Research Reports - Rejection sensitivity as a moderator of psychosocial outcomes following pediatric traumatic brain injury

J Int Neuropsychol Soc. 2017 Jul;23(6):451-459. doi: 10.1017/S1355617717000352.
Epub 2017 May 17.

Meadows EA(1), Owen Yeates K(2), Rubin KH(3), Taylor HG(4), Bigler ED(5), Dennis
M(6), Gerhardt CA(1), Vannatta K(1), Stancin T(7), Hoskinson KR(1).
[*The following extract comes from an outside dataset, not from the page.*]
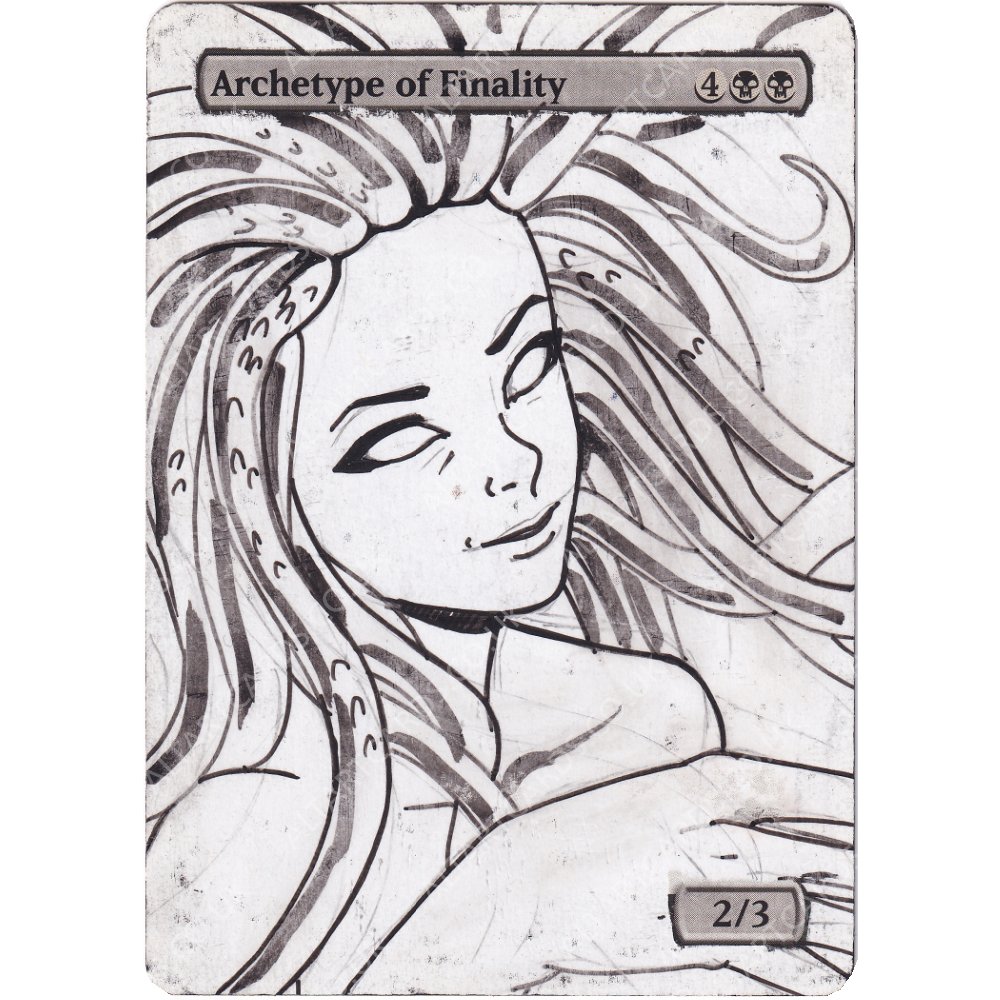 Altered Art - Archetype of Finality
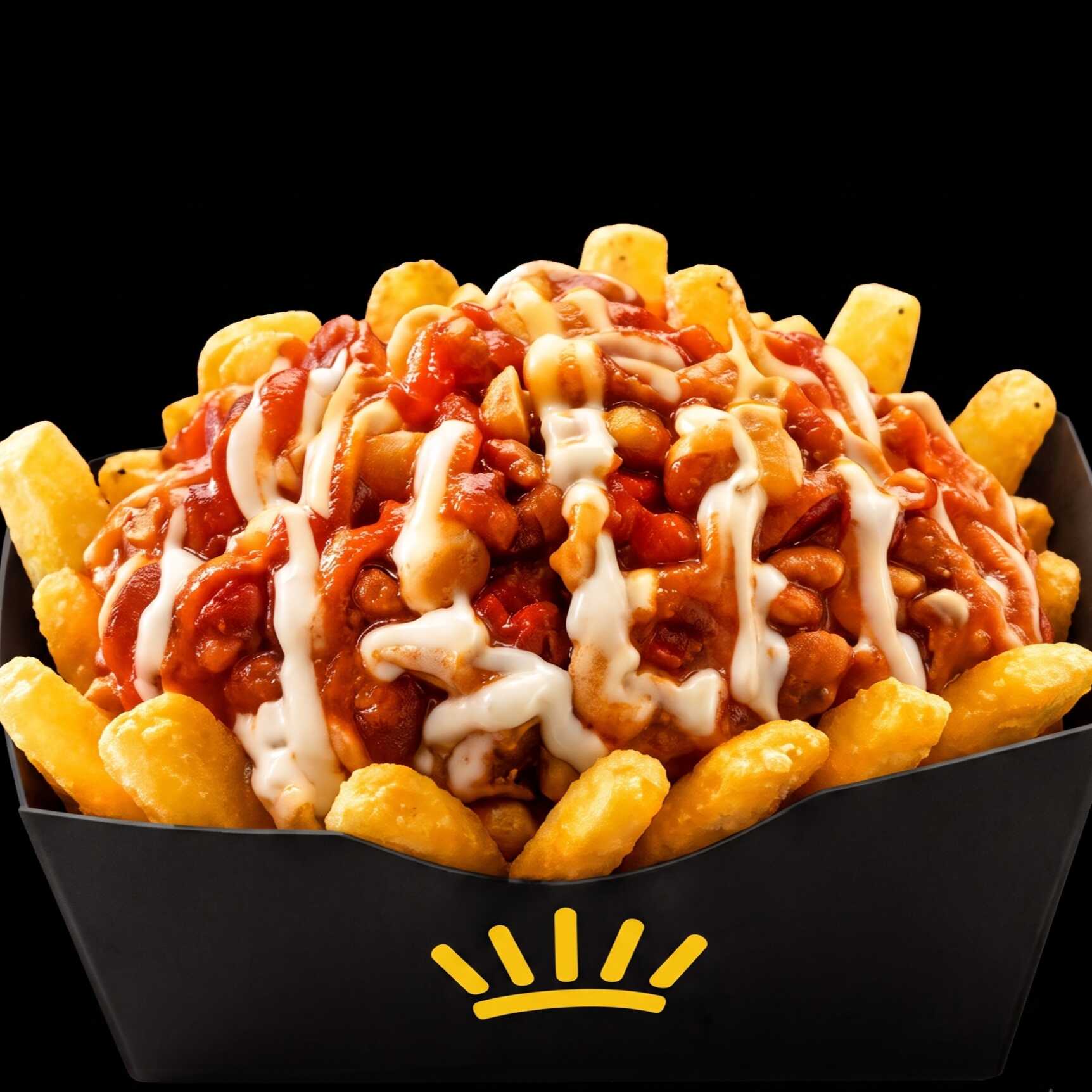 Papas con Pollo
OBJECTIVES: The current study examines whether psychosocial outcomes following
pediatric traumatic brain injury (TBI) vary as a function of children's rejection
sensitivity (RS), defined as their disposition to be hypersensitive to cues of
rejection from peers.
METHODS: Children ages 8-13 with a history of severe TBI (STBI, n=16),
complicated mild/moderate TBI (n=35), or orthopedic injury (OI, n=49) completed
measures assessing self-esteem and RS on average 3.28 years post-injury (SD=1.33,
range=1.25-6.34). Parents reported on their child's emotional and behavioral
functioning and social participation.
RESULTS: Regression analyses found moderation of group differences by RS for
three outcomes: social participation, self-perceptions of social acceptance, and
externalizing behavior problems. Conditional effects at varying levels of RS
indicated that externalizing problems and social participation were significantly
worse for children with STBI at high levels of RS, compared to children with OI.
Social participation for the STBI group remained significantly lower than the OI
group at mean levels of RS, but not at low levels of RS. At high levels of RS,
self-perceptions of social acceptance were lower for children with moderate TBI
compared to OI, but group differences were not significant at mean or low levels
of RS. No evidence of moderation was found for global self-worth,
self-perceptions of physical appearance or athletic ability, or internalizing
problems.
CONCLUSIONS: The findings highlight the salient nature of social outcomes in the
context of varying levels of RS. These findings may have implications for the
design of interventions to improve social outcomes following TBI.